One of my professors like to talk about K. 492 as a study in contrasting characters. The first act wastes no time in defining two of those contrasts, Figaro and Bartolo followed by Susanna and Marcellina. More interesting, however, is the contrast that leaps from the middle of the first act into the opening of the second. That is the contrast between Cherubino and Countess Rosina Almaviva.
I deliberately use the Countess’ first name to stress the connection to Pierre Beaumarchais’ preceding play in the Figaro trilogy, The Barber of Seville, which explains how the young maid who was Bartolo’s ward came to be the wife of Count Almaviva. The sun shines brightly at the end of The Barber of Seville, but love is not all about bright sunlight. While in Beaumarchais’ play The Marriage of Figaro may have ultimately been about the empowerment of the servant class, Mozart’s opera is all about the complexities of love.
We get out first taste of those complexities in the successive introductions of Cherubino and the Countess. Cherubino, sung by a mezzo as a trouser role, is a weird mix of raging hormones and logorrhea. His passions lead him to chase after every woman, but those emerge as an flood of words pouring out at a rate faster than his mind can follow. As he says at the end of his aria, when he cannot use those words to declare love to his latest fancy, he declares love to himself.

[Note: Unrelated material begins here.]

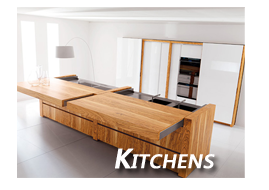 kitchen gallery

The Countess, on the other hand, allows Mozart to explore the receiving end of such male enthusiasm. We meet her at the very beginning of the second act at a time when her husband, too, is chasing after other women. (By the end of the first act, we know about two of them.) Through Mozart’s cavatina, “Porgi, amor,” we appreciate every detail of the clouds that have darkened that sun from the end of The Barber of Seville; and, in so doing, we also realize that Cherubino’s enthusiasm will also have its own inevitable dark side.
While last night’s two student performers never shared the stage, their performance in succession gave a substantive taste of how Mozart’s dramatic flow progresses. Each had the good sense to use the musical introduction as an opportunity to “get into character,” even if this was little more than a few significant adjustments to posture and gesture. The result was a brief interval during which the genre of recital unfolded into the genre of opera, thus emphasizing the significance behind the isolated selections of the recitalists.